The heart of a computer is a magnetic disk drive which typically includes a rotating magnetic disk, a slider that has read and write heads, a suspension arm above the rotating disk and an actuator arm that swings the suspension arm to place the read and/or write heads over selected circular tracks on the rotating disk. The suspension arm provides a force that biases the slider against the surface of the disk. When the disk rotates, air is swirled by the rotating disk adjacent an air bearing surface (ABS) of the slider causing the slider to ride on an air bearing a slight distance from the surface of the rotating disk. When the slider rides on the air bearing the write and read heads are employed for writing magnetic impressions to and reading magnetic signal fields from the rotating disk. The read and write heads are connected to processing circuitry that operates according to a computer program to implement the writing and reading functions.
An underlying goal in magnetic recording is to maximize the number of bits that can be written in a given area. With regard to write head design, this translates to generating the highest possible field magnitude together with the highest possible field gradient within a region. In traditional systems, bits are written in concentric tracks, and conventionally the magnetic pole width defines the track width. As these tracks become narrower, the pole width must decrease; unfortunately, this often results in a reduction of maximum field (because of the inability to scale the rest of the recording system accordingly). In shingled recording, this problem is addressed by writing tracks in an overlapping fashion, thereby removing the constraint between pole width and track width, as shown in FIG. 5. In FIG. 5, a head moves across the disk to write the tracks (1, 2, 3, 4). Each successive track writes over a portion of the previously written track (e.g., track 2 overwrites a portion of track 1, track 3 overwrites a portion of track 2, etc.). Thus, write heads designed for shingled recording can have a significantly wider pole than conventional heads. Also, the portion of the head that can affect the properties of the written track more than other portions is the corner 502.
In fact, previous shingled write head designs have basically been just conventional write heads with wider poles, as shown in FIG. 6. In FIG. 6, an air bearing surface (ABS) view of a portion of a conventional shingled write head, a shield 602 is wrapped around the pole 604, with a nonmagnetic layer 606 disposed between the pole 604 and shield 602. Also, a gap 608 is disposed at the trailing edge of the pole 604. While this is functional, further improvements can be made. Conventional heads are designed to optimize the entire writing side of their magnetic footprint. At the same time, the field must fall off fast enough such that adjacent tracks on both sides are not overwritten. However, in shingled recording, most of what is initially written is erased by the following overlapping track.

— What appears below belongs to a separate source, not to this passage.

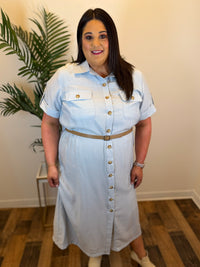 Woman wearing a light blue denim dress with gold buttons indoors.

Due to this design constraint, only one corner of the original footprint ends up being relevant, as generally shown as portion 502 in FIG. 5. Thus, the symmetric design of previous shingled write heads needlessly constrains the field.
Therefore, a write head capable of shingled writing that alleviates some of the problems encountered with conventional shingled writers and better concentrates the writing of the pole would be beneficial.